Unfortunately, only pterosaurs and Huehuecuetzpalli survived the end of the Triassic and they did not survive the end of the Cretaceous. So tritosaurs are the only major clade of lizards that is extinct today.

As always, I encourage readers to see specimens, make observations and come to your own conclusions. Test. Test. And test again.

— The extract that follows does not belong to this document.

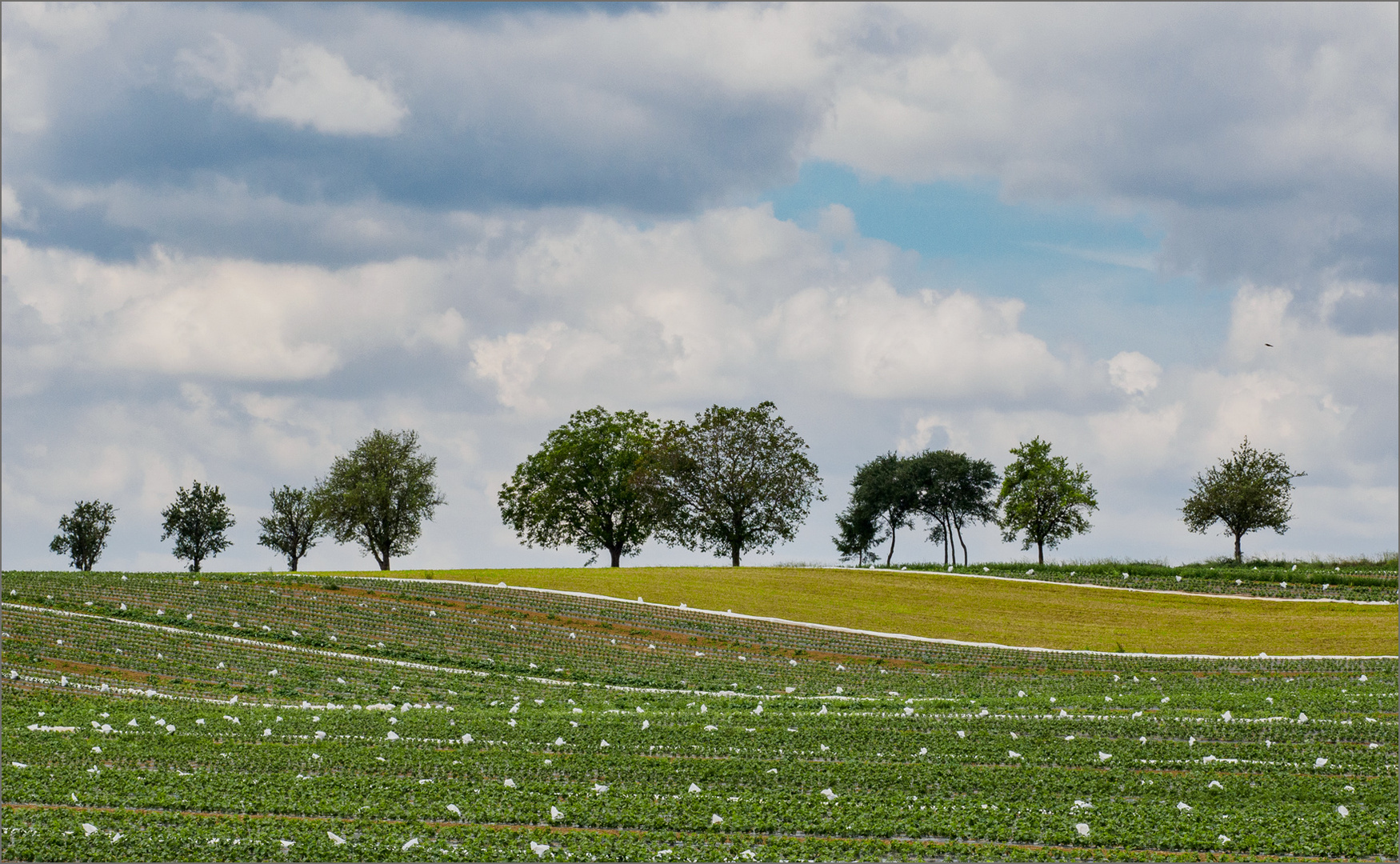 Mit Plastik garniert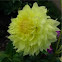 Dalia. Dahlia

Evidence and support in the form of nexus, pdf and jpeg files will be sent to all who request additional data.

References
Carroll and Thompson 1982. A bipedal lizardlike reptile fro the Karroo. Journal of Palaeontology 56:1-10.
Peters D 2000. A Redescription of Four Prolacertiform Genera and Implications for Pterosaur Phylogenesis. Rivista Italiana di Paleontologia e Stratigrafia 106 (3): 293–336.
Peters D 2007. The origin and radiation of the Pterosauria. In D. Hone ed. Flugsaurier. The Wellnhofer pterosaur meeting, 2007, Munich, Germany. p. 27.
Reynoso V-H 1998. Huehuecuetzpalli mixtecus gen. et sp. nov: a basal squamate (Reptilia) from the Early Cretaceous of Tepexi de Rodríguez, Central México. Philosophical Transactions of the Royal Society, London B 353:477-500.